“I don’t know what I think until I write it down.” Joan Didion
Dear Lovely Readers,
I am in the process of weaving the stories collected in our People-Based Learning conversation campaign into an upcoming book. It’s coming together in ways I never imagined and I cannot wait to share it with you.
As a part of the evolution of the book, I am listening and re-listening to more than 80 conversations. And we’re planning on more. Join! Learn more here.⬇️
And today, I re-listened to a recording in which creative design edu-research re-thinker, shared:
“One day I’m the expert, sharing an experience. The next day, you’re teaching me something. We shift and bend, moving knowledge between us and creating opportunities for each other.”

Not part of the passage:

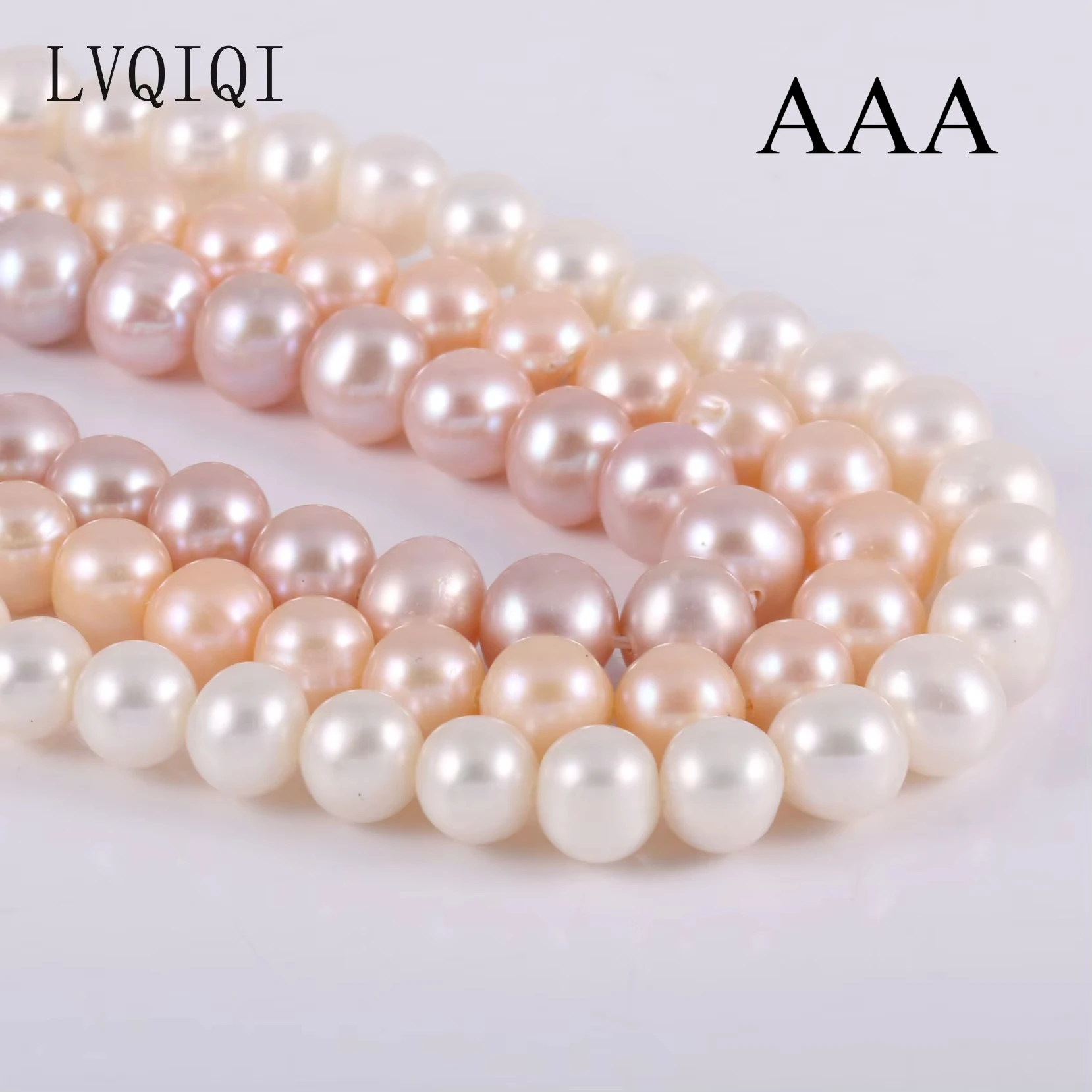 

AAA LVQIQI Natural Freshwater Pearl Beads High Quality 36cm Punch Loose Bead for DIY Elegant Necklace Bracelet Jewelry Making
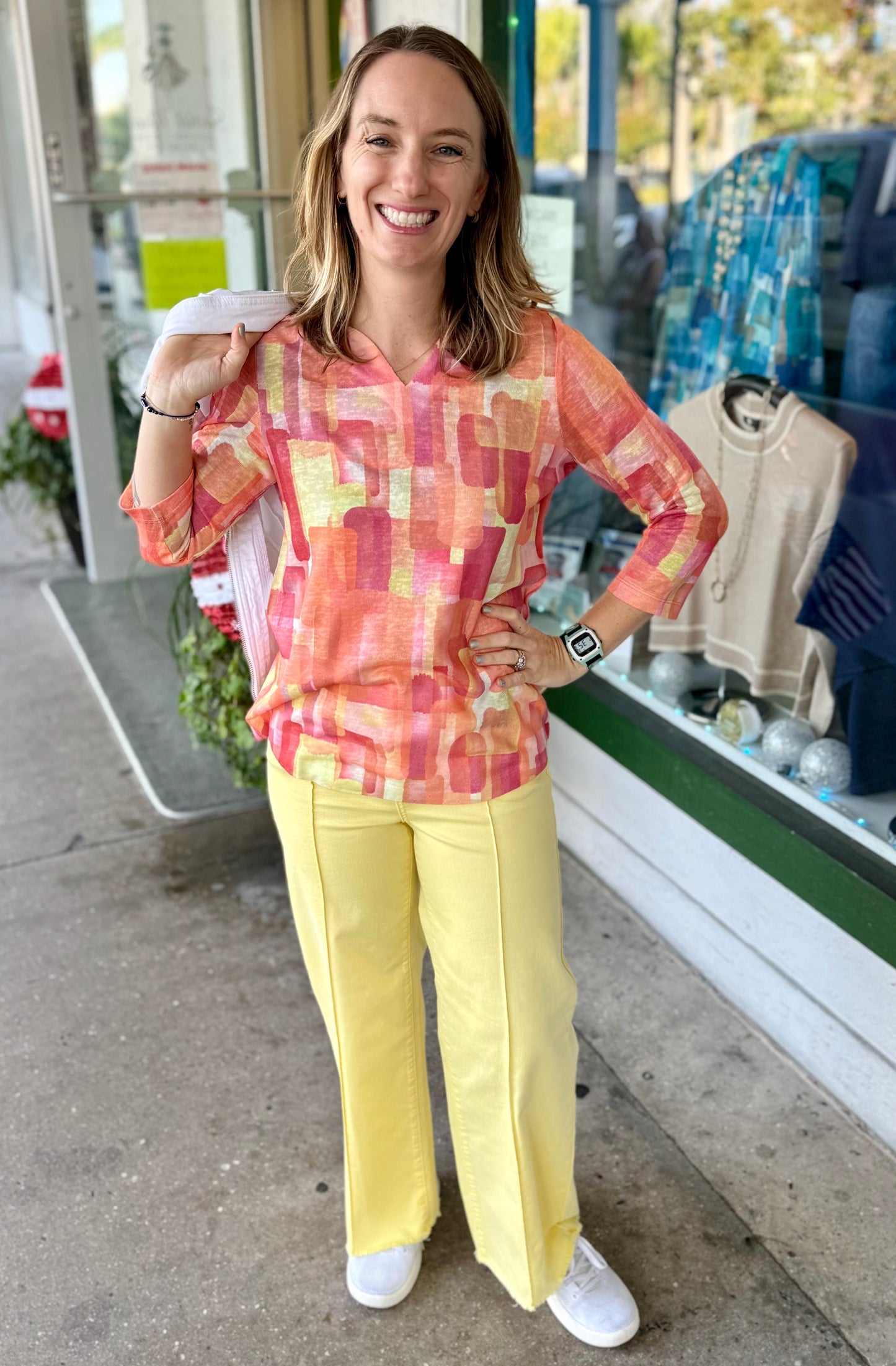 FDJ 2201511 Pineapple Wide Leg Jean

⬇️ And I realized something. ⬇️
First, I LOVE how Colleen uses words, and here is able to so beautifully describe the bi-directionality of learning.
And second, this is exactly what I’ve been experiencing while writing this book.
One day I am the teller, explaining the concept to someone new, sharing what we are learning, where things are going. And another, I am the receiver, in conversation with someone who takes the story and turns it into a living, breathing thing.
This process has been wildly meta. As I write about People-Based Learning, I’m also living it and creating it and learning about it. I’m not just documenting a theory; I’m immersed in it. The research, the conversations, the feedback loops, they’re all examples of the thing itself.
I’m learning by doing, by connecting, by reflecting alongside others.
Put simply, the process IS the product.
And I started to think about most creative acts, we so often forget this.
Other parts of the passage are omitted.